A military court in Thailand has sentenced a 34-year-old man to 35 years in prison for violating the country’s draconian lèse-majesté law, which criminalizes all perceived insult toward the nation’s monarchy.
Agence France-Presse reports that Wichai, whose last name has been withheld for the safety of his family, faced ten counts of lèse-majesté for photos and videos of the royal family that he allegedly shared on Facebook. His sentence is believed to be the harshest handed down to date of more than 100 cases of alleged royal defamation since the country’s military seized power in a 2014 coup.
A Thai legal watchdog group, iLaw, told AFP that Wichai was originally facing a 70 year sentence — seven years for each count — but his sentence was halved because he confessed to the crimes after spending a year in jail waiting for his trial.

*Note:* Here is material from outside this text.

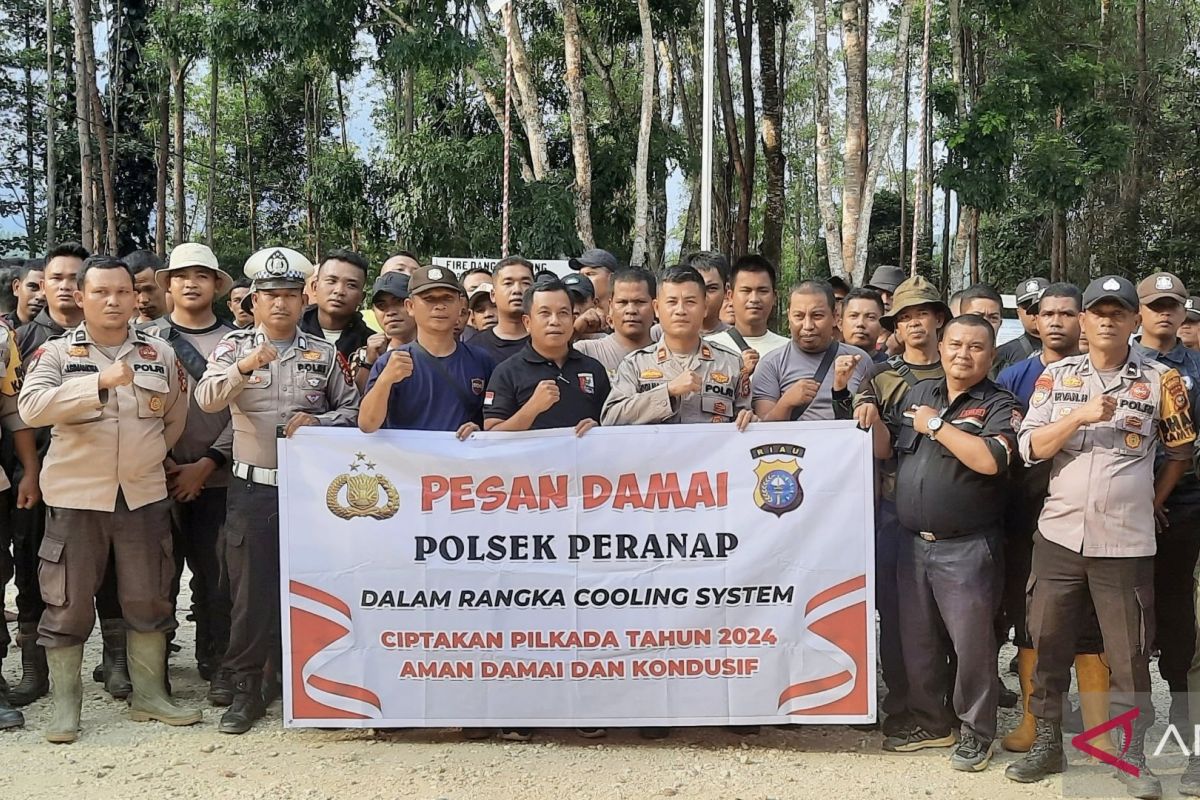 Kapolsek Peranap tekankan jaga keharmonisan pilkada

Thailand’s lèse-majesté law is among the strictest of its kind; the legislation is ostensibly meant to protect the royal family from being defamed, but in practice is often used to suppress dissent. Violators can be sentenced to up to 15 years in prison, and complaints can be made by anyone, against anyone, at any time.

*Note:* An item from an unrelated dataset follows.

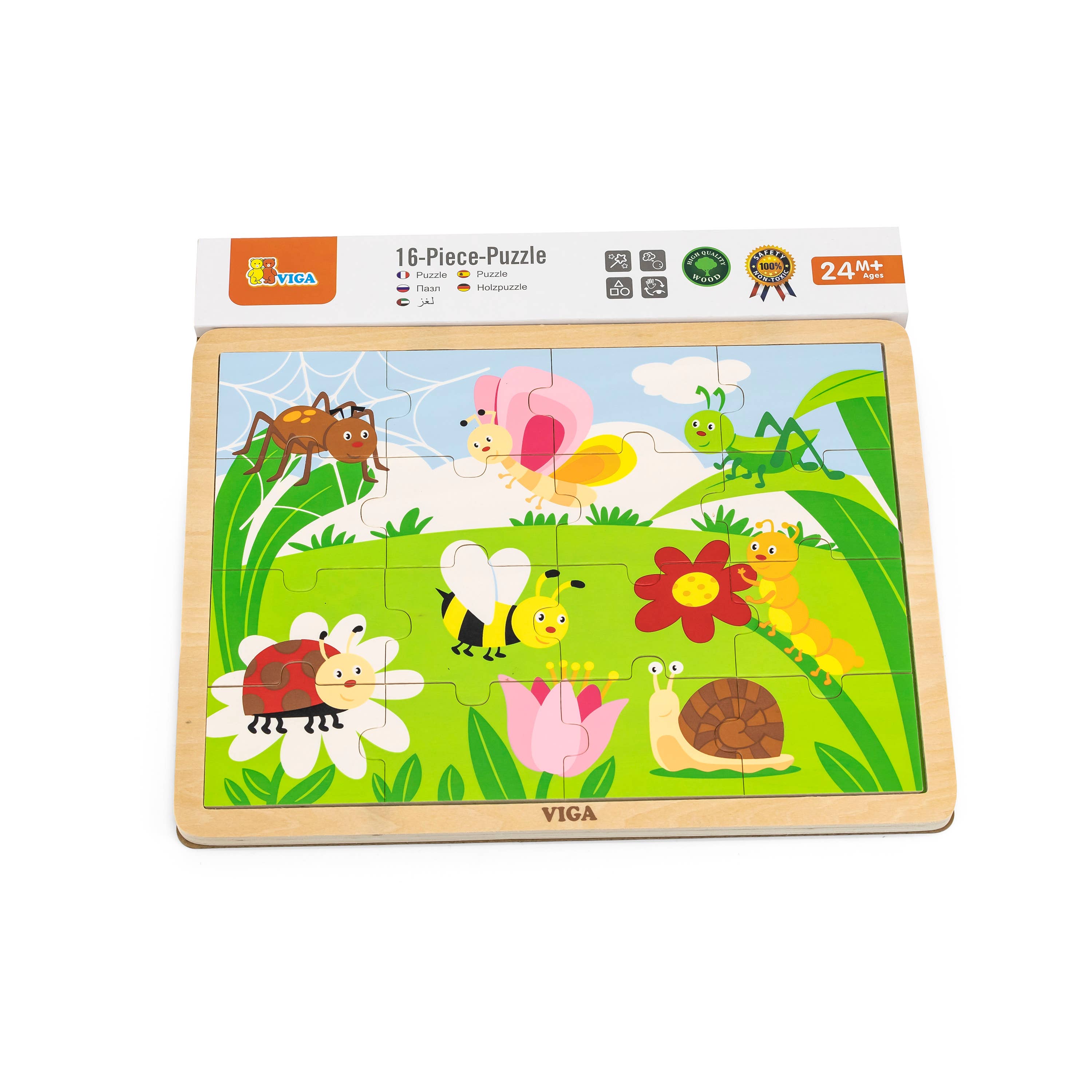 Viga 16pc Puzzle - Pets  -   - Everybody Amsterdam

Read More: The Draconian Legal Weapon Being Used to Silence Thai Dissent
Since the 2014 coup, the junta, led by retired army chief General Prayuth Chan Ocha, has tightened restrictions on the media, on phone and Internet use. Last month the regime warned Facebook that it would be shut down in the country if it did not censor content deemed inappropriate by the Thai government. Facebook did not comply and was not shut down.
Human rights groups and legal professionals say they have seen an uptick in enforcement of defamation laws since the coup. Thailand’s array of anti-defamation clauses have also had a chilling effect on social media users and activists in the wake of last year’s death of the beloved King Bhumibol Adulyadej, who was succeeded by his son, the current King Vajiralongkorn.